A University of Maryland-led, multi-organizational team has created the first high-resolution global map of forest extent, loss and gain.
This free resource greatly improves the ability to understand human and naturally-induced forest changes and the local to global implications of these changes on environmental, economic and other natural and societal systems, members of the team say.
In a new study, the team of 15 university, Google and government researchers reports a global loss of 2.3 million square kilometers (888,000 square miles) of forest between 2000 and 2012 and a gain of 800,000 square kilometers (309,000 square miles) of new forest.
Their study, published online on November 14 in the journal Science, documents the new database, including a number of key findings on global forest change. For example, the tropics were the only climate domain to exhibit a trend, with forest loss increasing by 2,101 square kilometers (811 square miles) per year. Brazil’s well-documented reduction in deforestation during the last decade was more than offset by increasing forest loss in Indonesia, Malaysia, Paraguay, Bolivia, Zambia, Angola and elsewhere.
“This is the first map of forest change that is globally consistent and locally relevant,” says University of Maryland Professor of Geographical Sciences Matthew Hansen, team leader and corresponding author on the Science paper.
“Losses or gains in forest cover shape many important aspects of an ecosystem, including climate regulation, carbon storage, biodiversity and water supplies, but until now there has not been a way to get detailed, accurate, satellite-based and readily available data on forest cover change from local to global scales,” Hansen says.
To build this first of its kind forest mapping resource, Hansen, UMD Research Associate Professor Peter Potapov and five other UMD geographical science researchers drew on the decades-long UMD experience in the use of satellite data to measure changes in forest and other types of land cover. Landsat 7 data from 1999 through 2012 were obtained from a freely available archive at the United States Geological Survey’s center for Earth Resources Observation and Science (EROS). More than 650,000 Landsat images were processed to derive the final characterization of forest extent and change.
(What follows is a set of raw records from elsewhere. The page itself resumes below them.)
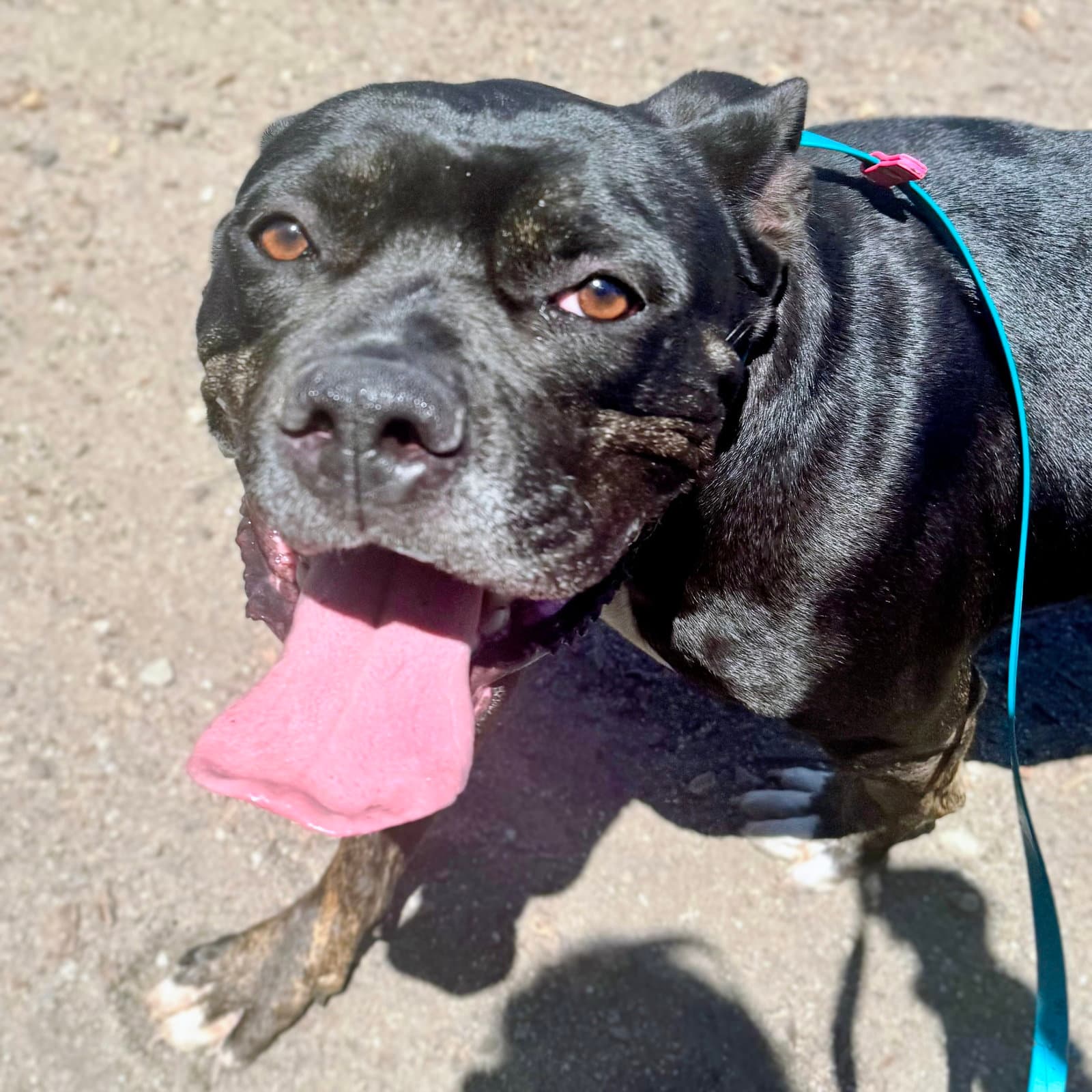 Beeboo - Cane Corso Mastiff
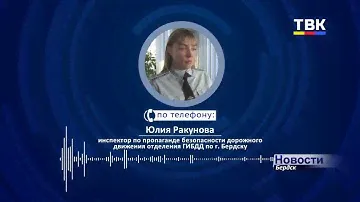 Мужчина за рулем «Тойоты» съехал в кювет в СНТ «Луговое»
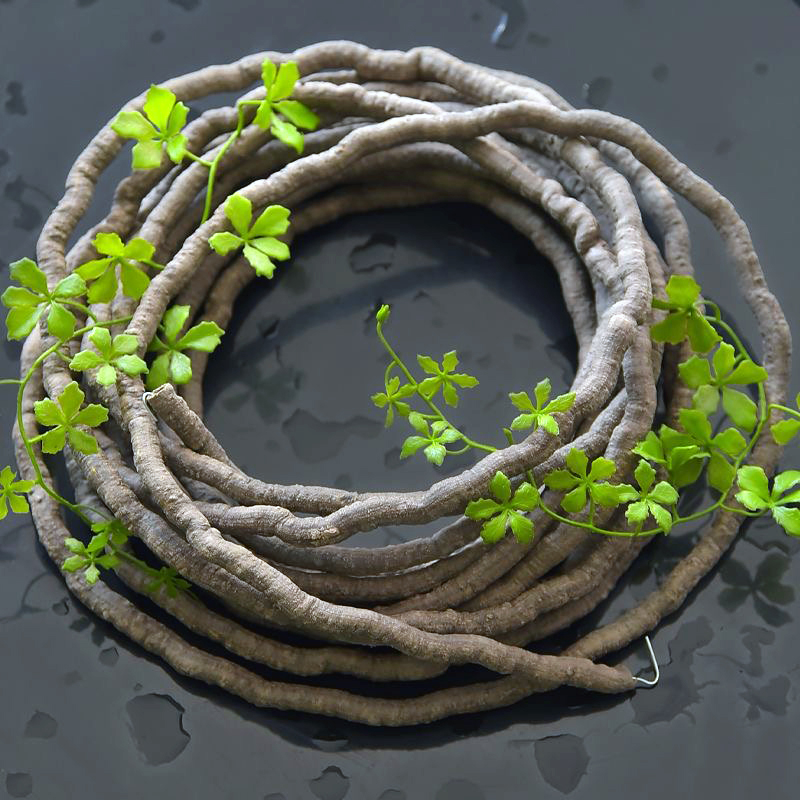 Künstliche Efeu-Pflanzen 100 c – Preserved Moss Sheet Bewertung und Preis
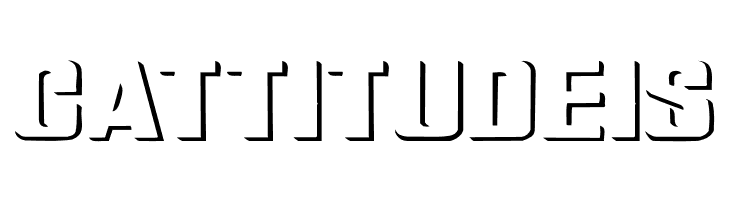 Relief Grotesk Wide  Free Fonts Download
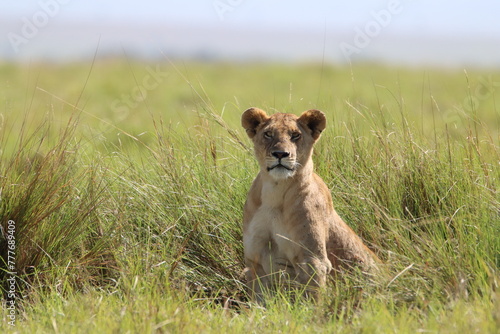 Fototapeta Naklejka Na Ścianę i Meble -  Closeup of a lioness in the grass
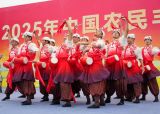 丰收节里最动人的中国故事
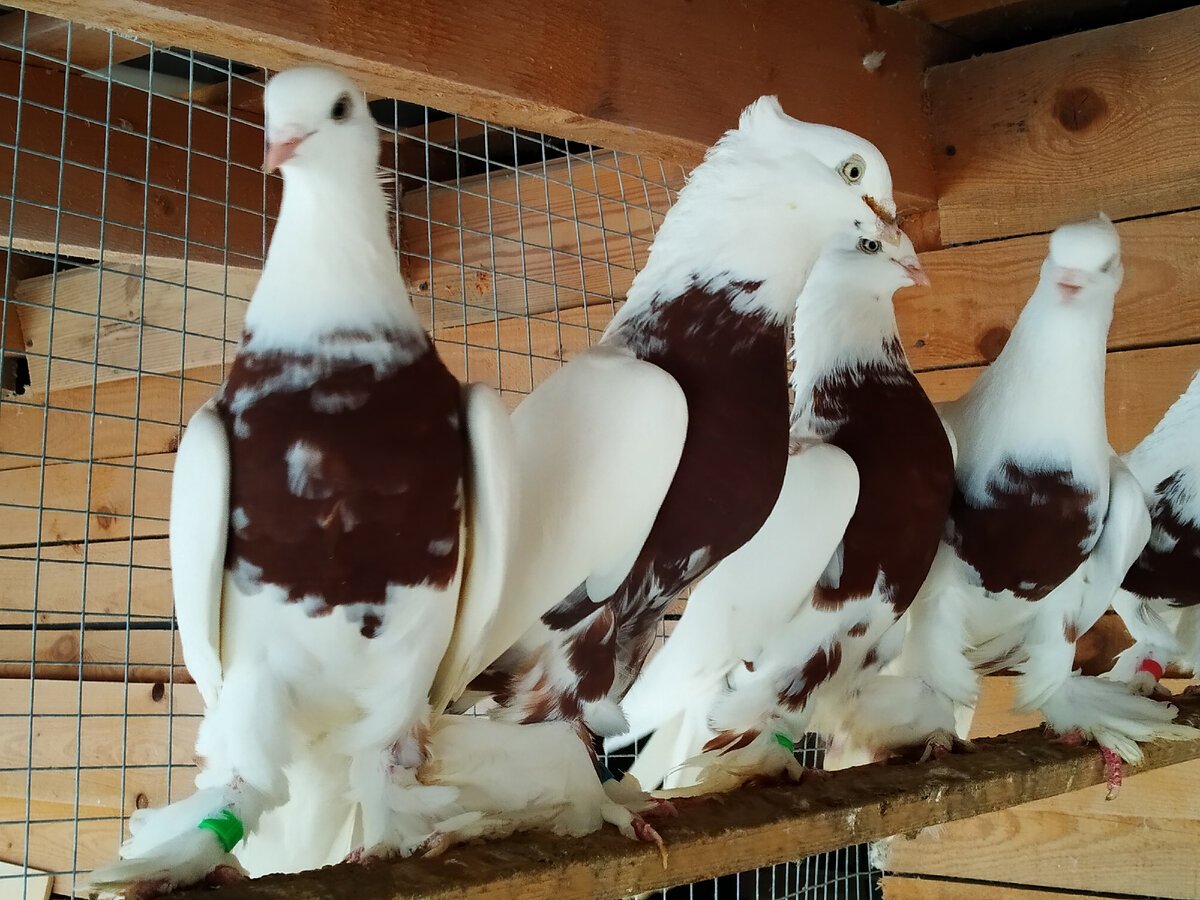 Андижанские голуби Хаккя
The analysis was made possible through collaboration with colleagues from Google Earth Engine, who implemented the models developed at UMD for characterizing the Landsat data sets. Google Earth Engine is a massively parallel technology for high-performance processing of geospatial data and houses a copy of the entire Landsat image catalog. What would have taken a single computer 15 years to perform was completed in a matter of days using Google Earth Engine computing.
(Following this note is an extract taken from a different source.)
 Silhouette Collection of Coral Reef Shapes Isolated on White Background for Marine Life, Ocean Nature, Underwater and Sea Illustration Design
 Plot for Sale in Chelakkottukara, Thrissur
Hansen and his coauthors say their mapping tool greatly improves upon existing knowledge of global forest cover by providing fine resolution (30 meter) maps that accurately and consistently quantify annual loss or gain of forest over more than a decade. This mapping database, which will be updated annually, quantifies all forest stand-replacement disturbances, whether due to logging, fire, disease or storms. And they say it is based on repeatable definitions and measurements while previous efforts at national and global assessments of forest cover have been largely dependent on countries’ self-reported estimates based on widely varying definitions and measures of forest loss and gain.